Computes the sha1 hash key of str(object).

levenshtein(str a, str b)

Computes levenshtein distance between string a and string b. Current version is just a wrapping.

levenshtein_norm(obj a, obj b)

Computes normalized levenshtein distance between string a and string b, or minimum of levenshtein_norm between list of strings a and list of strings b.

jw(obj a, obj b)

Compute minimum jaro-winkler distance between strings of list a and strings of list b.

ngrams(object a, n=[2,3])

Computes n-grams of string a (with n in a int list here [2,3]) or n-grams of strings in list a.

SQL Recipes

SQL often performs better dans Python as soon as you don’t need long code implementations.

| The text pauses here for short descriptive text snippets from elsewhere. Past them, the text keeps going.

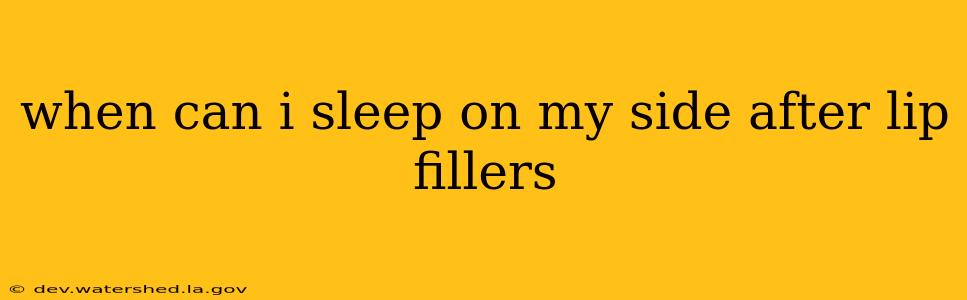 when can i sleep on my side after lip fillers
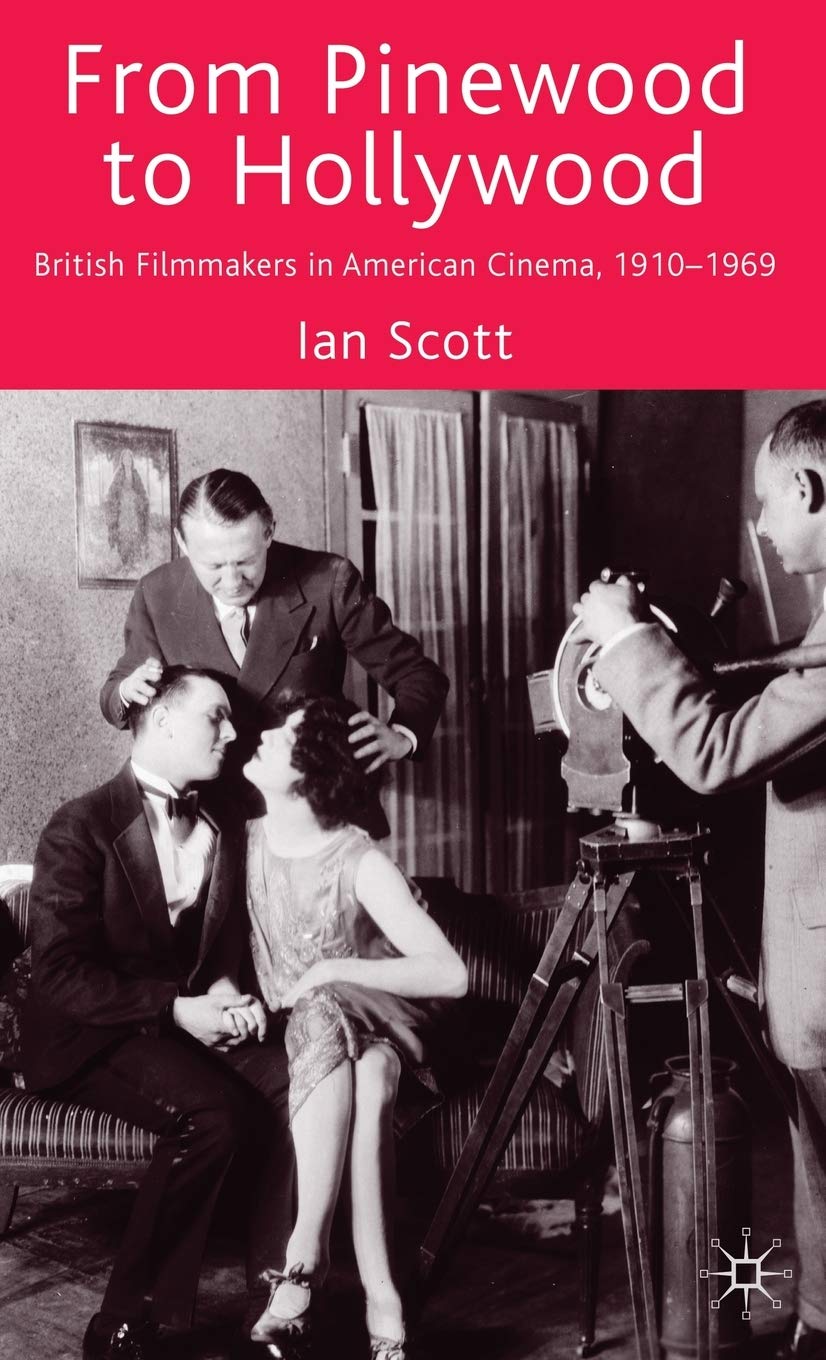 From Pinewood to Hollywood: British Filmmakers in American Cinema, 1910-1969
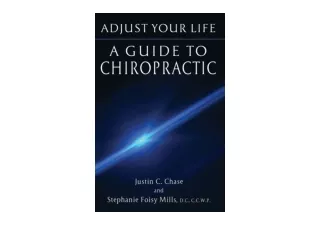 Download PDF Adjust Your Life A Guide to Chiropractic full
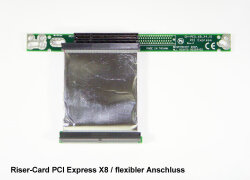Riser Karte PCI Express x8 PCIe / flexibel 1HE 2HE 3HE ITX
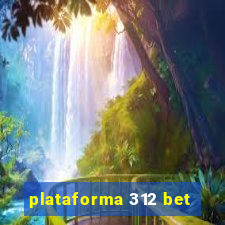 plataforma 312 bet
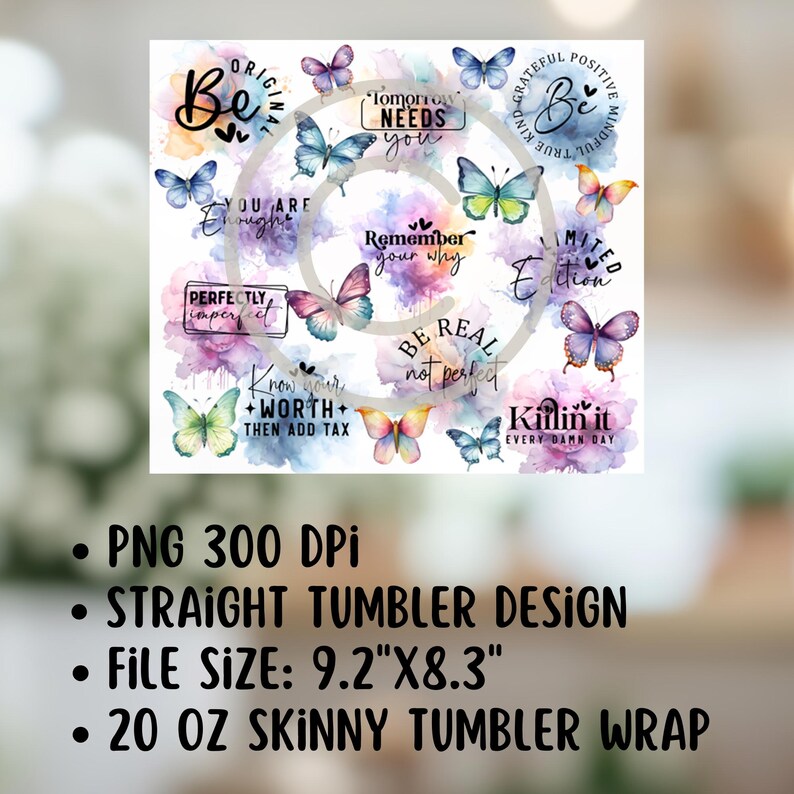 Op de afbeelding: Een digitaal ontwerp met aquarel vlinders met inspirerende citaten. Het ontwerp bevat zinnen zoals "Be Original", "Tomorrow Needs You", "Perfectly Imperfect", "Know Your Worth", "Remember Your Why", "Be Real Not Perfect", "Limited Edition", en "Killin' It Every Damn Day".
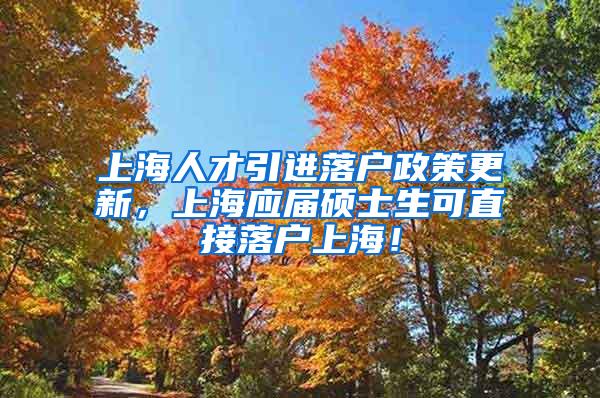 上海人才引进落户政策更新，上海应届硕士生可直接落户上海！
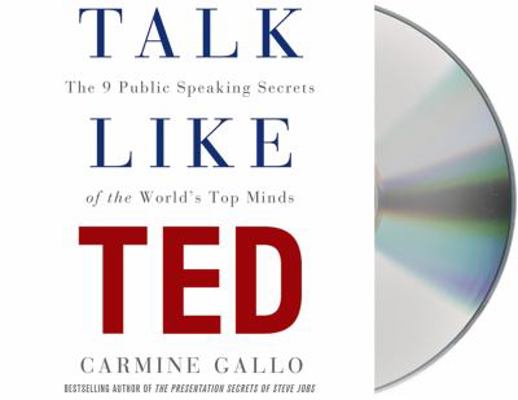 Talk Like Ted: The 9 Public-Speaking Secrets of... 1427236186 Book Cover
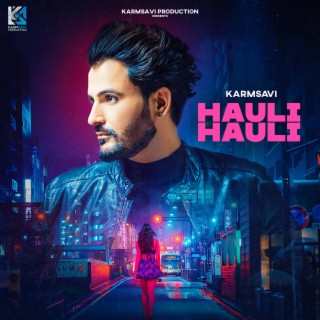 Hauli Hauli lyrics | Boomplay Music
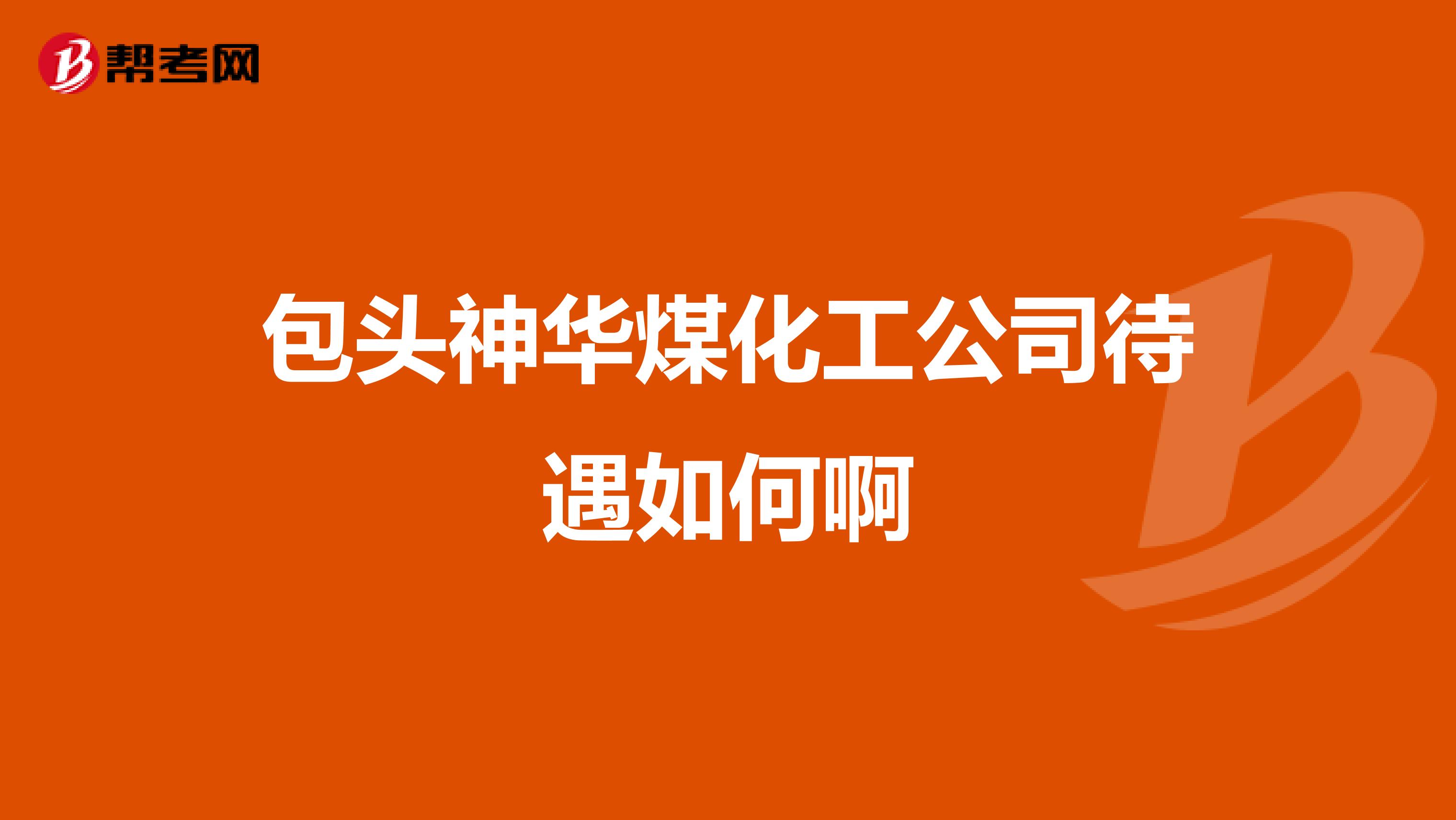 包头神华煤化工公司待遇如何啊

We recommand to use it when performin join operations or simple tranformations.

matchID now includes a Postgres database, but could be used with other SQL alchemy compatible database. If it doesn’t work please report an issue on Github.

Note that before to perform a SQL join operation you should have declared to datasets in the same database. Be careful about the tables names which may differ between the dataset and the tables.

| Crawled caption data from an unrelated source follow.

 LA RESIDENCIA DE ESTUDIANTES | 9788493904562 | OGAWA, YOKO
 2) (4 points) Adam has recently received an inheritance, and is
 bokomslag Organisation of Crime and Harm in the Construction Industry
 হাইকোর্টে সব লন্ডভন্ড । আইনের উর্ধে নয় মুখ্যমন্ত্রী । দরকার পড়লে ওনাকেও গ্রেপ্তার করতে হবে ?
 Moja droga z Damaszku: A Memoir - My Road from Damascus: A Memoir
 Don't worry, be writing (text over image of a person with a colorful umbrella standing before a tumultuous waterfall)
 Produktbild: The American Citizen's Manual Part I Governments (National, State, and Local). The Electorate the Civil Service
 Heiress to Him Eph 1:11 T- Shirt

Let’s say that clients and deaths are our two datasets using the same connector (with the same name for the table). Suppose we also previously declared clients_x_deaths as a dataset using the same connector.

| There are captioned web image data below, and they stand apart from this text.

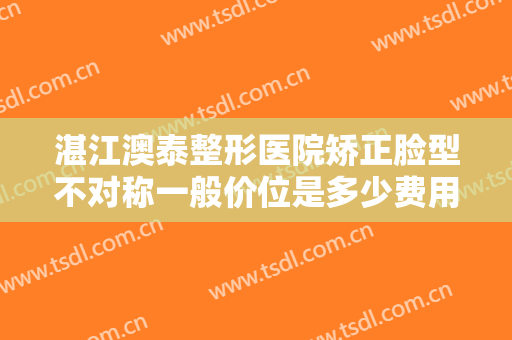 湛江澳泰整形医院矫正脸型不对称一般价位是多少费用?需要多久恢复?
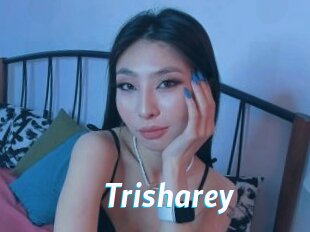 Trisharey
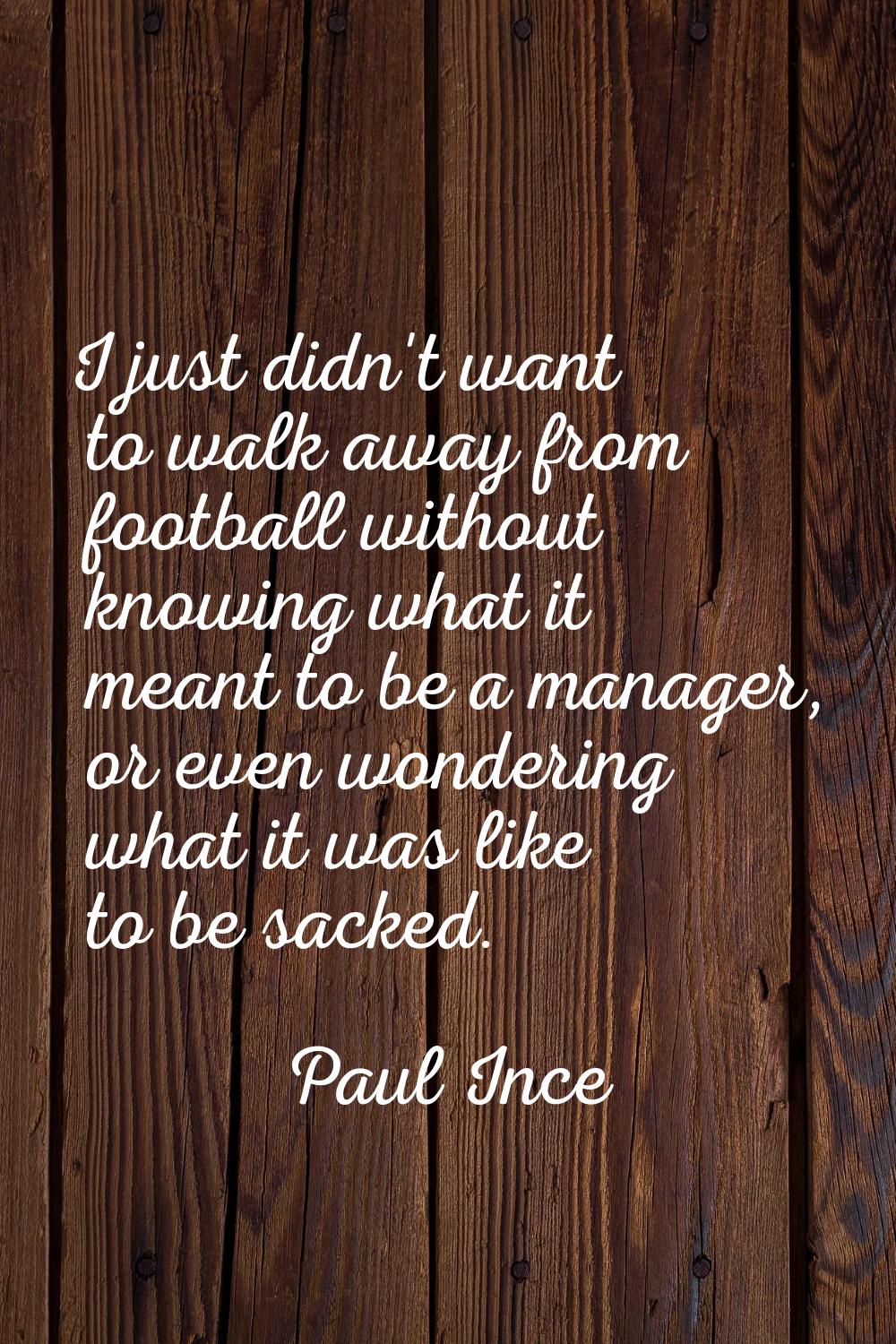 I just didn't want to walk away from football without knowing what it meant to be a manager, or eve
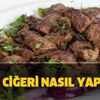 Kuzu ciğeri nasıl yapılır? Pratik ve lezzetli kuzu ciğeri kavurması tarifi!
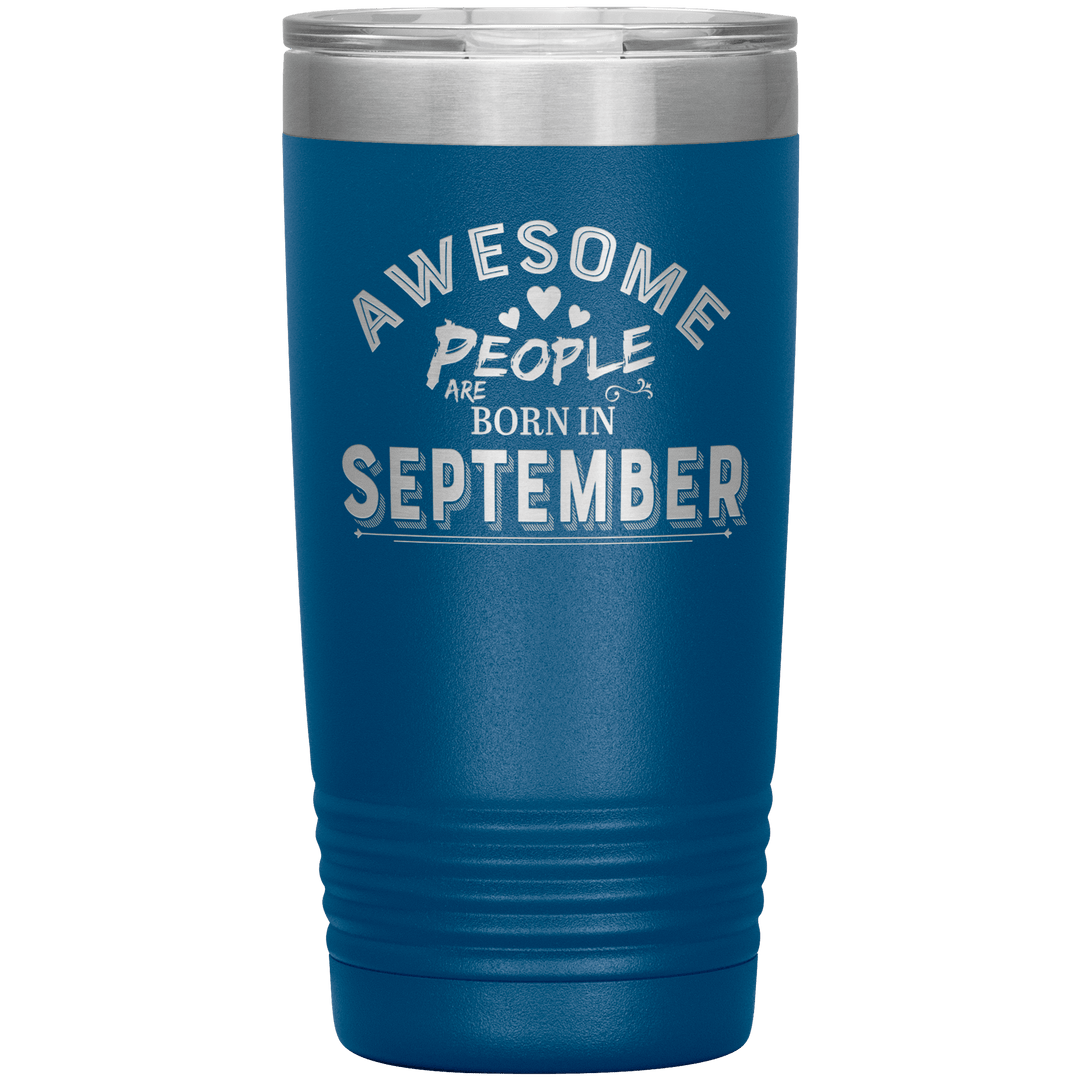 "AWESOME PEOPLE ARE BORN IN SEPTEMBER"Tumbler. Buy For Family & Friends. Save Shipping. - LA Shirt Company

Here’s a simple example of SQL recipe :

recipes:
  sql_matching:
    test_chunk_size: 100
    input: 
      dataset: clients
      chunk: 1000
      select: >
        select 
          clients.*,
          -- you must be careful about columns names potential collisions
          deaths.matchid_id as hit_matchid_id,
          deaths.matchid_name_last as hit_matchid_name_last,
          deaths.matchid_name_first as hit_matchid_name_first,
          deaths.matchid_location_city as hit_matchide_location_city,
          deaths.matchid_location_depcode as hit_matchid_location_depcode,
          deaths.matchid_date_birth as hit_matchid_date_birth,

        from clients, deaths
          where
            (
              levenshtein(clients.matchid_name_last, deaths.matchid_name_last)<3 
              and levenshtein(clients.matchid_name_first, deaths.matchid_name_first)<3
              and clients.matchid_location_depcode = deaths.matchid_location_depcode
              and clients.matchid_birth_date = deaths.matchid_birth_date
            )
          
    output: clients_x_deaths
    steps:

Note that:

  • please mind the indentation, respecting the YAML standard
  • test_chunk_size (default 30) will apply as a ‘LIMIT’ on the input dataset (clients) and to the output result while you test the recipe. This is usefull to force to have a response in a decent time, but on the other way you may have an empty result due to this. This is a classical SQL developpement problem and we’ll be happy if you suggest other way to do this properly
  • if you want only to execute SQL efficiently and store it in the same database you have to leave the ‘steps’ empty
  • you can still use recipes after the request within the steps, the result of the request will be executed in the Python processor
  • the output dataset can be in a onther connector, so the SQL will be executed in the database of the input connector, then simply casted in the other connector
  • types are preserved if you cast in another dataset, with classical problem using SQL types, then Pandas, then the output connector (for example Elasticsearch). There is no universal translator for that, it will be your pain.
  • if you want a fast copy you can specify the mode: expert in the input datasource, only for Postgres. This is usually a bit faster as it uses the copy_expert method. the other hand, all types will be casted into string.